AddThis SmartLayers

Watchdog raps daily over reader’s comment about Black Lives Matter

The press watchdog has rapped a regional daily because it failed to take care over the accuracy of an anonymous reader’s comment.

The Independent Press Standards Organisation has upheld a complaint against the Oxford Mail after it allowed the comment, which wrongly linked a triple murder to a Black Lives Matter rally, to remain on its website for two months.

In 2018, IPSO ruled it was “neither reasonable nor desirable” for editors to be expected to verify all facts featured in readers’ letters to their newspapers.

But in this case, the watchdog found the online comment “represented a significant inaccuracy” after it was allowed to remain online.

A BLM protest was held in Reading on 5 June last year

A BLM protest was held in Reading on 5 June last year

The comment in question, posted in July last year under a story headlined ‘Hundreds of the ‘most dangerous’ guns owned in Thames Valley’, stated knives should be banned in the UK, “[e]specially ‘dangerous knives’, like the one used by the refugee BLM supporter, who murdered three and injured three more members of the LGBT community, in a Reading park last month following a BLM rally”.

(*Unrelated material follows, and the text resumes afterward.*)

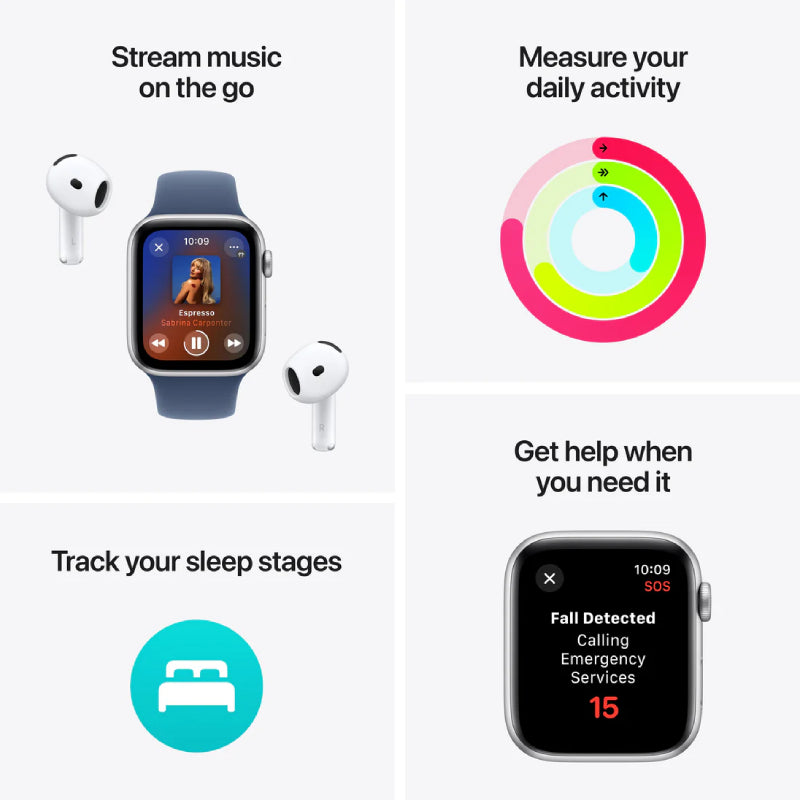 Apple Watch SE (2nd Gen) with Sport Band - LTPO OLED / 40mm / Medium/Large / Bluetooth / Wi-Fi / Starlight Smart Watches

The regulation of reader comments on a publication’s website falls within IPSO’s remit when there is a possible breach of the Editors’ Code of Practice, and where it can be shown that the comment has been subject to some level of editorial control either through pre- or post-moderation.

Complaining under Clause 1 (Accuracy) of the Editors’ Code of Practice, John Wadeson said the comment fell within IPSO’s remit as he had reported the comment to the publication three times on the same day as the comment was published – first by using the website’s comment reporting function, and then via a Facebook message and an email to the editor – but did not receive a response.

Mr Wadeson said the comment was inaccurate because police had released a statement making clear that the stabbing was not related to the BLM rally which had occurred in the same park earlier that day, and there was no indication that either the attacker or the incident was linked to the BLM movement or organisation.

In response, the Mail said the comment was clearly distinguished as a reader comment and there was no suggestion it had posted the remark itself or endorsed the views expressed in it.

It believed website users would, therefore, be aware that the comment was the opinion of the commenter, and not necessarily a verified statement of fact.

The Mail also said that it did not consider the comment under complaint to be inaccurate because it did not agree that the police were in a position to make a statement of fact regarding the attacker’s motivations and political affiliations, and that neither the original commenter, Mr Wadeson, nor the police could say for certain whether the attacker was a “BLM supporter” until the matter was discussed and adjudicated by the courts.

While the Mail did not accept that the Code had been breached, it removed the comment under complaint, banned the user, and turned off the comments function on the story in question.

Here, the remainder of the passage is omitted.